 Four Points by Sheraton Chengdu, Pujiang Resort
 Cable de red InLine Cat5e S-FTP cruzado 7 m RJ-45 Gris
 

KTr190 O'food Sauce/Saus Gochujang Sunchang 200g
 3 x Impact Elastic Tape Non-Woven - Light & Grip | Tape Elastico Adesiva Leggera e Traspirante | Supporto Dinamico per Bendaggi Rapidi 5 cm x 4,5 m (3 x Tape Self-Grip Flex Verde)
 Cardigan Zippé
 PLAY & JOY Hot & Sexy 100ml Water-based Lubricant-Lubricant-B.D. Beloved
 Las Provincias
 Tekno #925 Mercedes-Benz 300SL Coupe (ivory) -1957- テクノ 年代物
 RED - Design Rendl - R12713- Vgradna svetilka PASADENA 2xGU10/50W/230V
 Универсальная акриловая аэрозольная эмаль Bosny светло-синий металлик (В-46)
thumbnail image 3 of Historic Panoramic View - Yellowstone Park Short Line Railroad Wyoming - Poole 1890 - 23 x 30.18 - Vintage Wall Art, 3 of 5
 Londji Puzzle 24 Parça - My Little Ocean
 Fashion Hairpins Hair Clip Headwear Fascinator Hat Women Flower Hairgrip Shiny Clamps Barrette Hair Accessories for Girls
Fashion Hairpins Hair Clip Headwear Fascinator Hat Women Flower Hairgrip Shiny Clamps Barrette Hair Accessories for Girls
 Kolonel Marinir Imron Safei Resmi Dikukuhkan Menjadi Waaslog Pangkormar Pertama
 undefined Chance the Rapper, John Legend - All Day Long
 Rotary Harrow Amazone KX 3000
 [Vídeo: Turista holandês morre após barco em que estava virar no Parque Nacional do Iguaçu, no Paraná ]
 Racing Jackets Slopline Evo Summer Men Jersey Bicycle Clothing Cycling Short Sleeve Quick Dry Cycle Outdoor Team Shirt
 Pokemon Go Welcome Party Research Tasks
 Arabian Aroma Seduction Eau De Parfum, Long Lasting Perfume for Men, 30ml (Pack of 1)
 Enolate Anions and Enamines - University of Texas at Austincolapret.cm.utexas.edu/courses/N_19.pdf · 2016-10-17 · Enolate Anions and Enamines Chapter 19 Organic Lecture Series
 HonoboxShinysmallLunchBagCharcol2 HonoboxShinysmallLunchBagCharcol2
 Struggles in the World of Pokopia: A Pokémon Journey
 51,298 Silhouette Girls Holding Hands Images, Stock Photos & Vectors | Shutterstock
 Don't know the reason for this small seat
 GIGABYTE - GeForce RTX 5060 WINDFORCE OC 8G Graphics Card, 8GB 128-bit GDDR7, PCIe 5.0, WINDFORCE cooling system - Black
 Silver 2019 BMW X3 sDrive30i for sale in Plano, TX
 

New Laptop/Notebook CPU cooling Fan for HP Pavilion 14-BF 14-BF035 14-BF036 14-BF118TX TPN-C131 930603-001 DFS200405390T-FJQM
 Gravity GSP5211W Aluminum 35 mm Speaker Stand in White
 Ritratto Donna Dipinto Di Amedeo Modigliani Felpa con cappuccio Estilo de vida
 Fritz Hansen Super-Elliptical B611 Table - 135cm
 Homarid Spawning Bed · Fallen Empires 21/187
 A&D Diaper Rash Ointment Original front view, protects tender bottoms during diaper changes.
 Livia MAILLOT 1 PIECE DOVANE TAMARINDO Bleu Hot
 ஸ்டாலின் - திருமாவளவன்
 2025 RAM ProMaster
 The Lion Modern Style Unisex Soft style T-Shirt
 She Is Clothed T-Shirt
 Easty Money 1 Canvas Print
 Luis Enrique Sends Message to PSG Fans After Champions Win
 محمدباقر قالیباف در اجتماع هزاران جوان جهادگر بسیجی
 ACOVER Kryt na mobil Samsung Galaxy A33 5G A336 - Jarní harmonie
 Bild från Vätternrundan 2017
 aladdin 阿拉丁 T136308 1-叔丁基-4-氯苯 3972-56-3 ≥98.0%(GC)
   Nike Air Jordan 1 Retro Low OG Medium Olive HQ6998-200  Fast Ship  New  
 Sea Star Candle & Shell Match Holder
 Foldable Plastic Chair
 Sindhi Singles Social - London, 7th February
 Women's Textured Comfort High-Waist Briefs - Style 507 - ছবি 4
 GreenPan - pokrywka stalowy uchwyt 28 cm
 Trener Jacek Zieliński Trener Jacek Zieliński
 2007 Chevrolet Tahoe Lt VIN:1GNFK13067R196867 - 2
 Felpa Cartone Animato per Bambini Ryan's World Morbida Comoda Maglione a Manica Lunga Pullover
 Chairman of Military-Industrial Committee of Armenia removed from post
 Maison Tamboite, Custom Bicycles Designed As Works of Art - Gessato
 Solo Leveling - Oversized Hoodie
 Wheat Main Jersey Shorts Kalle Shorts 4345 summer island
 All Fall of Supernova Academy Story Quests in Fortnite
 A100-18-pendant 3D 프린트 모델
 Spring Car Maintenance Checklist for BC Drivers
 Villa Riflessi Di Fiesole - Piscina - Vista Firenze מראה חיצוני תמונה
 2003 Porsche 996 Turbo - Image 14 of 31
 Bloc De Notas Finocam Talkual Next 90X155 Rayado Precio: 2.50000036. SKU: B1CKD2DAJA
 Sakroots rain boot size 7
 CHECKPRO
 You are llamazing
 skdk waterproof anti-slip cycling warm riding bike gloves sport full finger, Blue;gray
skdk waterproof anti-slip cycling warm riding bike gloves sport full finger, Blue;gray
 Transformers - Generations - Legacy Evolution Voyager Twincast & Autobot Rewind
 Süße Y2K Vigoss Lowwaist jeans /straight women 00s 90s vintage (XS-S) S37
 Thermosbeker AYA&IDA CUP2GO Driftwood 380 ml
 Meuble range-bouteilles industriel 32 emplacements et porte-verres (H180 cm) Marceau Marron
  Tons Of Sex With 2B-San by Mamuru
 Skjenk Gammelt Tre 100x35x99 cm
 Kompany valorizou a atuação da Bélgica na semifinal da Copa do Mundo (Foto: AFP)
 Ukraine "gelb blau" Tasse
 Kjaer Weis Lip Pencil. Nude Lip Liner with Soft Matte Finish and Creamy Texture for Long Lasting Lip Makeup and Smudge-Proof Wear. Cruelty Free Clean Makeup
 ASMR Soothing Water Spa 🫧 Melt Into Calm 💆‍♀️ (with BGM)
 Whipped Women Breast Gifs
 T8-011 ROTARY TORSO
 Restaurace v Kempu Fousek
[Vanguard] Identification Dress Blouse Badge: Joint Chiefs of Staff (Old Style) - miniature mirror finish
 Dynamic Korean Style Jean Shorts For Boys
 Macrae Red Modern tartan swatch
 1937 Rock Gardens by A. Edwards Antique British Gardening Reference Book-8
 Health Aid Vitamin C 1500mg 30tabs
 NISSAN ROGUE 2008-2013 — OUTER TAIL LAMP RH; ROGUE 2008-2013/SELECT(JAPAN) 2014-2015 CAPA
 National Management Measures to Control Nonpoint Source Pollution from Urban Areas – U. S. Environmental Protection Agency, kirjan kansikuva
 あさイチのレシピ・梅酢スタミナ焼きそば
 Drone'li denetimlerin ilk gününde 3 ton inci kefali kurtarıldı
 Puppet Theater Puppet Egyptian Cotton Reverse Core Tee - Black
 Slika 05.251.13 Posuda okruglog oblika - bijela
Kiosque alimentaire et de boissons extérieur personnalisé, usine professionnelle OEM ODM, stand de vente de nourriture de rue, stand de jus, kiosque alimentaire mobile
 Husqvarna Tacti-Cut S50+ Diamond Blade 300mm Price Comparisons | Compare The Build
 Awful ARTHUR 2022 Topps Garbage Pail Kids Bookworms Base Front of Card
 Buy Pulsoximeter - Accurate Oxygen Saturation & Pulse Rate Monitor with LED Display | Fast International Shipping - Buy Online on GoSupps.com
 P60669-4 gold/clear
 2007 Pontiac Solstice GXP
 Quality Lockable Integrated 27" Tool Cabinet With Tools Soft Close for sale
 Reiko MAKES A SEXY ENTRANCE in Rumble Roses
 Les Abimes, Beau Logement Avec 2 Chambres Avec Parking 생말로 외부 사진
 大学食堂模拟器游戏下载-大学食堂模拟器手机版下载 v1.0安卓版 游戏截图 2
----------------
TASK PROMPT:
Word for word, restate the lines above from the line containing "Kolonel Marinir Imron" through the line containing "Racing Jackets Slopline", with both included and nothing else.

EXERCISE ANSWER:
 Kolonel Marinir Imron Safei Resmi Dikukuhkan Menjadi Waaslog Pangkormar Pertama
 undefined Chance the Rapper, John Legend - All Day Long
 Rotary Harrow Amazone KX 3000
 [Vídeo: Turista holandês morre após barco em que estava virar no Parque Nacional do Iguaçu, no Paraná ]
 Racing Jackets Slopline Evo Summer Men Jersey Bicycle Clothing Cycling Short Sleeve Quick Dry Cycle Outdoor Team Shirt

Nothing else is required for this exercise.